Raw data |
----------------------------------------

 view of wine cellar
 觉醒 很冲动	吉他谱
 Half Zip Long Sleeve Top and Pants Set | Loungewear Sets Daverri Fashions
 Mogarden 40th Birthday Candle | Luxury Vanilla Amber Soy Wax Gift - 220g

----------------------------------------

Work required | With no alteration of any kind, give the data again in full.

Task solution |
 view of wine cellar
 觉醒 很冲动	吉他谱
 Half Zip Long Sleeve Top and Pants Set | Loungewear Sets Daverri Fashions
 Mogarden 40th Birthday Candle | Luxury Vanilla Amber Soy Wax Gift - 220g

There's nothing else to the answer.